Most of the information about the current Soybean bullish set up comes from a recent interview with the legendary trader, author, and market analyst Larry Williams.
The weekly continuous Soybean chart courtesy of Barchart.com illustrates the long-term picture.

The Commitment of Traders (COT) tracks weekly the net futures positions of three trading groups; Small speculators, Large speculators, and Commercials. The group to follow are Commercials. they have the most money and knowledge of the futures they trade.
Large Commercial net long positions tend to correspond to market bottoms. Large Commercial net short positions tend to correspond with tops. The large Commercial positions are not a precise timing tool, they identify a set up for a potential market turn.
Please note the prior three large Commercial long positions came close to Soybean bottoms. The most recent Commercial long position is the largest recorded in the history of Soybean COT reports.
Larry Williams also explained Soybean seasonal factors. The Soybean futures seasonality chart courtesy of EquityClock.com shows what could happen in April.

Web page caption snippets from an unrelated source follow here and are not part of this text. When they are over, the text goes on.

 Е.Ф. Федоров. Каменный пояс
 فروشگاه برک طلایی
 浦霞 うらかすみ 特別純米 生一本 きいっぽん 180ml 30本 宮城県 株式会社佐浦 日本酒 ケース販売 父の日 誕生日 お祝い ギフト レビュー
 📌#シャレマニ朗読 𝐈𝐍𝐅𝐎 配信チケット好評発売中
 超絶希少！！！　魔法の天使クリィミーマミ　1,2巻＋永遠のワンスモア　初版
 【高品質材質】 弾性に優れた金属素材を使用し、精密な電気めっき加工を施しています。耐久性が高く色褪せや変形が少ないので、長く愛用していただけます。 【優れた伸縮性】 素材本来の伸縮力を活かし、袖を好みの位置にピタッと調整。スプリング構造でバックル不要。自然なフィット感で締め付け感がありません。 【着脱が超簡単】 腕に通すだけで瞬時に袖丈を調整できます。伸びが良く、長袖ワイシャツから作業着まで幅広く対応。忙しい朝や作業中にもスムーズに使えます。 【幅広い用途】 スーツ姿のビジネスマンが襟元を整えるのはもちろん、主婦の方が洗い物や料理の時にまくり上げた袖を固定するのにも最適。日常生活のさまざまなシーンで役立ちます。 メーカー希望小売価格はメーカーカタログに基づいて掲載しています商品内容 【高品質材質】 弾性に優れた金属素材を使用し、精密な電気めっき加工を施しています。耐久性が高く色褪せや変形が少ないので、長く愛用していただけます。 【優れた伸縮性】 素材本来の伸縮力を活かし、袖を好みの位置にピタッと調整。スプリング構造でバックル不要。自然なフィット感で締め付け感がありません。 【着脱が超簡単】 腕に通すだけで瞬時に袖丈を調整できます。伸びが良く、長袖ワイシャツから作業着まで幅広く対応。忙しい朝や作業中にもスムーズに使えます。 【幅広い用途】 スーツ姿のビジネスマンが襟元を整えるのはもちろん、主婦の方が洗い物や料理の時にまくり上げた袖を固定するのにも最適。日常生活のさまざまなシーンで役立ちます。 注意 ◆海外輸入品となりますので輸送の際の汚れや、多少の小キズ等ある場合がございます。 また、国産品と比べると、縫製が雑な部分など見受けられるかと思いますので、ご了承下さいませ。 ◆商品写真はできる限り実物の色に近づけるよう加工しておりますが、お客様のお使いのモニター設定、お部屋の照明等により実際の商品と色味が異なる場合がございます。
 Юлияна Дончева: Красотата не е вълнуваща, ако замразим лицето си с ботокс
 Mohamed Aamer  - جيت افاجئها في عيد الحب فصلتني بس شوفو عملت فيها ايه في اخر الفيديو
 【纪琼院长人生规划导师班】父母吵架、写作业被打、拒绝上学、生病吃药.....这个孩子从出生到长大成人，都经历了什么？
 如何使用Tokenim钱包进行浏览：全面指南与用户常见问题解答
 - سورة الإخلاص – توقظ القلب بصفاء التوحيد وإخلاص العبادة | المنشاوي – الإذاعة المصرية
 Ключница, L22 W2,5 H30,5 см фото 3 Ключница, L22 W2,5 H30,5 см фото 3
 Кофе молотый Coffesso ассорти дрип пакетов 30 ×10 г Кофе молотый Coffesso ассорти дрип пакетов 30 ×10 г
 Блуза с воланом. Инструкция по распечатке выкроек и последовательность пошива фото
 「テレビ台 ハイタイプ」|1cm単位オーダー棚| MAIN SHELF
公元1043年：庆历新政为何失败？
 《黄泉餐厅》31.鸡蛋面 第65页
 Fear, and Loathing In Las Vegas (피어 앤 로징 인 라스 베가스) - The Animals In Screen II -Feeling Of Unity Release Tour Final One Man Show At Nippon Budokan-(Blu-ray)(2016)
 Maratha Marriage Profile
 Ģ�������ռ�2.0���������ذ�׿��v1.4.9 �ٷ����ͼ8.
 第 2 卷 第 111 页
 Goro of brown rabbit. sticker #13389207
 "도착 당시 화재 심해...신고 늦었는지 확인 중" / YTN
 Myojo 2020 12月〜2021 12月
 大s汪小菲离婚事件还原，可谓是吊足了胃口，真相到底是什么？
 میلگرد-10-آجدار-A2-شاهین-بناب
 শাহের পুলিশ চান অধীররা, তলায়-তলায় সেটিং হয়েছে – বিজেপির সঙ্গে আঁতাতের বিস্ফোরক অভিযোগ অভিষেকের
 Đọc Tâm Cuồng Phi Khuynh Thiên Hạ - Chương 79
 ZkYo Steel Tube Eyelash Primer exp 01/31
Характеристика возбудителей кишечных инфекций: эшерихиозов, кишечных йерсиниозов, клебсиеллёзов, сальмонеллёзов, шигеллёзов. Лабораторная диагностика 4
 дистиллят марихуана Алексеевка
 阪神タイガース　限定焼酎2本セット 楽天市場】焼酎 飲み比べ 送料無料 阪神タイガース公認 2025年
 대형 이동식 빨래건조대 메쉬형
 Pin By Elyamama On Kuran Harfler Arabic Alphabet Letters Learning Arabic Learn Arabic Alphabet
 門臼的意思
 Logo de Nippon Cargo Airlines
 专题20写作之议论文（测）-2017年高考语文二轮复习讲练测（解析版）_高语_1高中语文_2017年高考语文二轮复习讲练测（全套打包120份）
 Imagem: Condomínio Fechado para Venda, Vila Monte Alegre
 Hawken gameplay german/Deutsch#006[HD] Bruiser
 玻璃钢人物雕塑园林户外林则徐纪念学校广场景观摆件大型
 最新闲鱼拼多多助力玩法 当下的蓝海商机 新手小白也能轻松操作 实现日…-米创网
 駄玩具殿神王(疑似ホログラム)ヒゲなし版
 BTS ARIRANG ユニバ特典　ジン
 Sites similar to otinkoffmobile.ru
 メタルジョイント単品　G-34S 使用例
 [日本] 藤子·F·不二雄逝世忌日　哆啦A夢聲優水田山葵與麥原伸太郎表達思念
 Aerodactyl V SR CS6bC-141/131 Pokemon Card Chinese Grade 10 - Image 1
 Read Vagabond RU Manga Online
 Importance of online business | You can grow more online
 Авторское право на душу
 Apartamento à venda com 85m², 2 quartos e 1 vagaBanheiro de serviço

After a late March decline Soybeans seasonally trend up throughout most of April.
Larry Williams called the bullish Soybean set up a “Jessie Livermore trade” – going long above a high point. Jessie Livermore was one of the greatest traders in history. His main technique was to buy/sell strong trending stocks and commodities at new highs/lows.
The 18 -day and 50 – day Moving Averages are tools to use in timing upside/downside trade entries.
The daily May – Soybean chart shows the 50 – day moving average (MA).

Long orders could be made above the 50-day MA. If the price subsequently moves below the 50-day MA exit the long position. In the current situation wait for a move above 50-day MA and a move above the most recent price high at 1,226’6.
Because Soybeans tend to trend very well the upside target could be reached sometime in April 2024.
One area Larry Williams did not discuss was the Soybean – Elliott wave count.
The daily May- Soybean chart courtesy of Trading View illustrates the short-term Elliott wave count.

Since late February, Soybeans have completed a five – wave Elliott Impulse pattern and may have just completed a three – wave correction. This implies Soybeans could soon start another rally that exceeds the high point at 1,226’6.
From an Elliott analytical perspective its tempting to enter a long trade on a pull back. Because Soybeans trend very well, and the enormous Commercial long position the superior long entry point is above the recent high at 1,226’6.
Agriculture commodities may require more fundamental analysis than other markets. The current Soybean market is an exception. The huge Commercial net long position combined with bullish seasonal patterns are dominant factors.
For those interested in speculating on a Soybean bullish move there’s a non – leverage Exchange Traded Fund – Teucrium Soybean- symbol (SOYB).